The BBC’s Jon Leyne, in Benghazi, says the NTC now believes it has the money to operate in Tripoli, and that the city is safe enough to be their base.

Meanwhile, Libya’s national football team is preparing to play its first game since the fall of Col Gaddafi.

The team is reportedly going to play in a new kit bearing the colours of the revolution – red, black and green – rather than the all-green strip favoured by the previous regime.

The African Cup of Nations qualifier, against Mozambique, is being played in Egypt because of security concerns.
Power vacuum

On Friday, Mr Jalil returned to Benghazi after a meeting with world leaders in Paris.

“With God’s will, we will go to Tripoli in the next week, but before we go we salute the people and revolutionaries of Benghazi,” he told supporters who had gathered to welcome him back.

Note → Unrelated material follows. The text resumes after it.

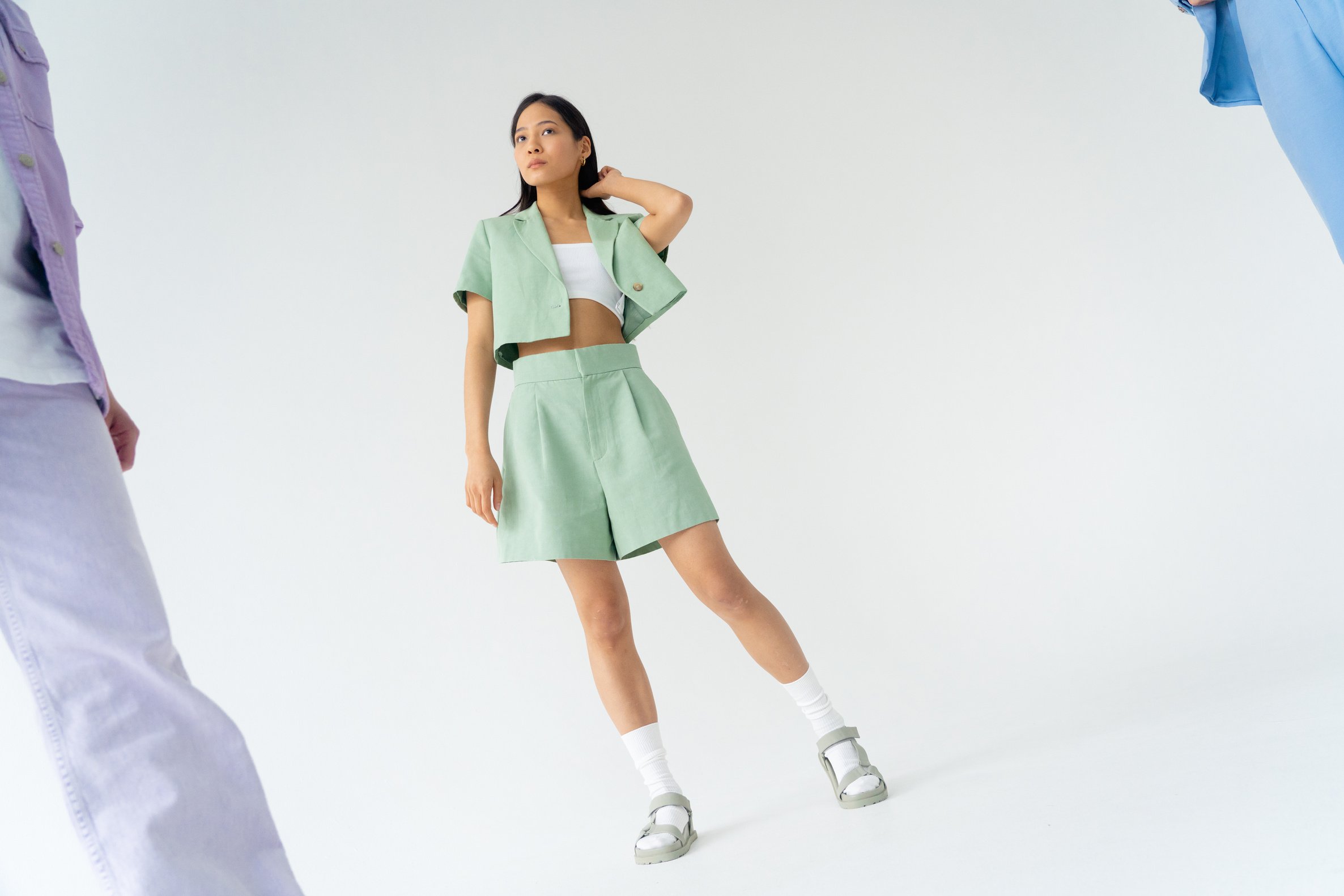 A Low Angle Shot of a Woman in Pastel Green Top and Shorts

Interim interior minister Ahmed Darrad told AFP news agency that fighters still in the capital should now go home.

“Starting Saturday there will be a large number of security personnel and policemen who will go back to work. Now the revolutionaries of Tripoli are able to protect their own city,” he said.

Many of the fighters are from regional towns and cities, and filled the power vacuum left when Gaddafi loyalists fled.

The NTC plans to install democracy in Libya over the next 20 months.

Meanwhile, US media reports say Human Rights Watch has found files in a government building that detail the level of co-operation between the CIA and Col Gaddafi’s intelligence agencies.

The Wall Street Journal reported that the relationship included an agreement to send terror suspects to Libya for interrogation.

Col Gaddafi ruled the country for 42 years with a mixture of personality cult and authoritarianism, propped up by money from oil reserves.